▸ TASK DESCRIPTION
Would you print, word for word, only the lines running from the line with "View of Luxembourg" to the last line of the entries, without the pictures?
==================================================
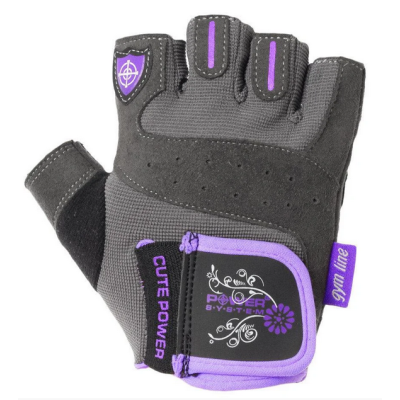 PS-2560 Purple - черно-фиолетовые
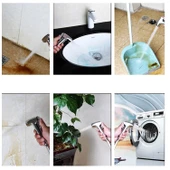 Taharet Musluğu Ara Musluk Filtreli Tuvalet WC Banyo Klozet Bide Bebek Hayvan Araba Yıkama Musluğu thumbnail 4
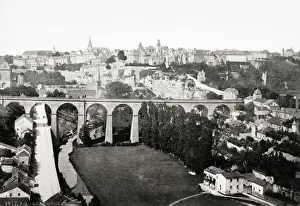 View of Luxembourg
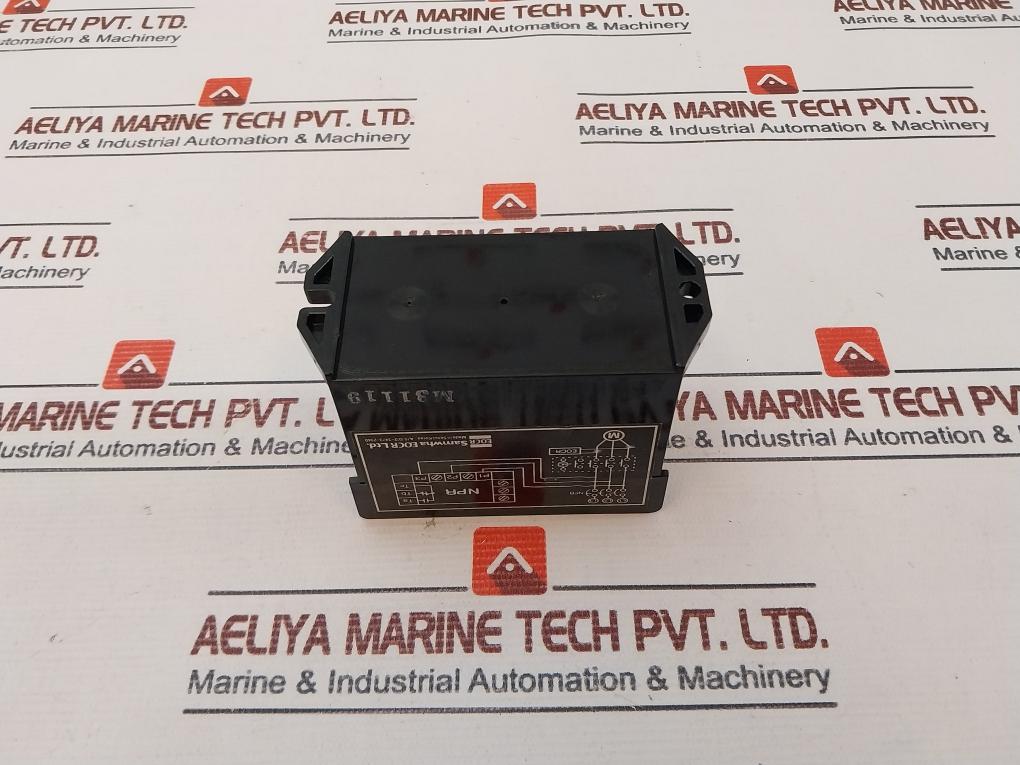 Samwha Npr-44 Negative Phase Relay 5A 3 Ph (340~480 Vac), 50/60Hz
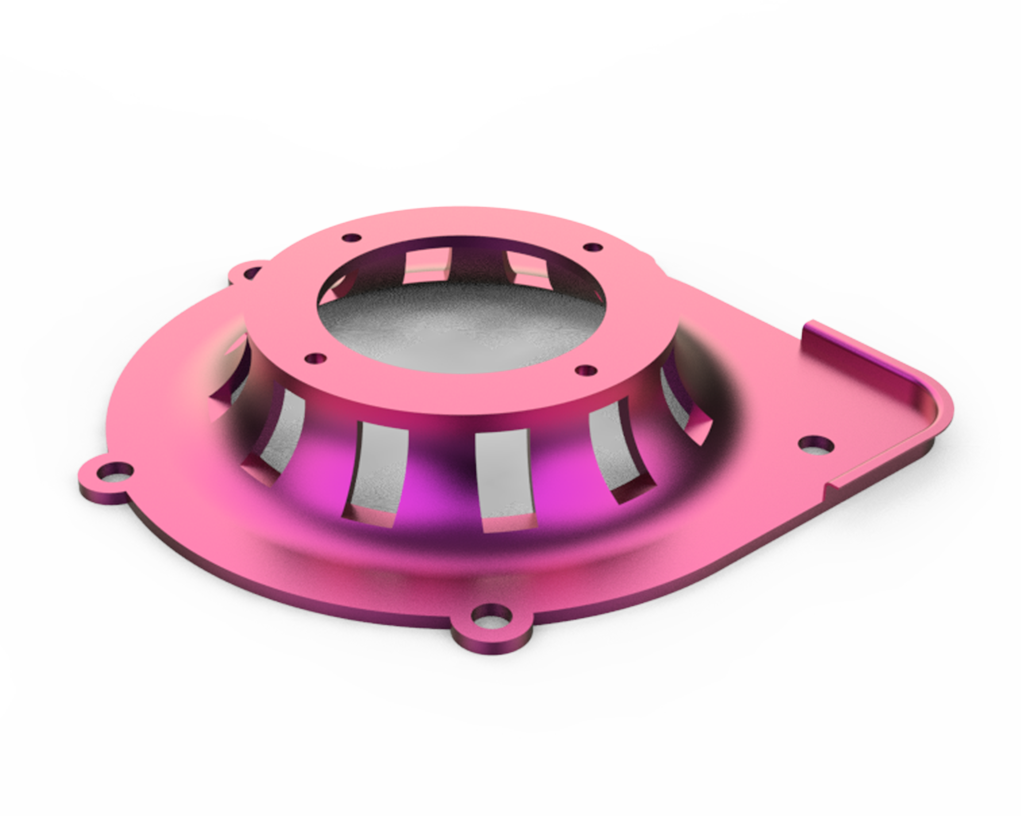 Fan Shroud Mounting Plate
==================================================
▸ SOLUTION TO THE EXERCISE
 View of Luxembourg
 Samwha Npr-44 Negative Phase Relay 5A 3 Ph (340~480 Vac), 50/60Hz
 Fan Shroud Mounting Plate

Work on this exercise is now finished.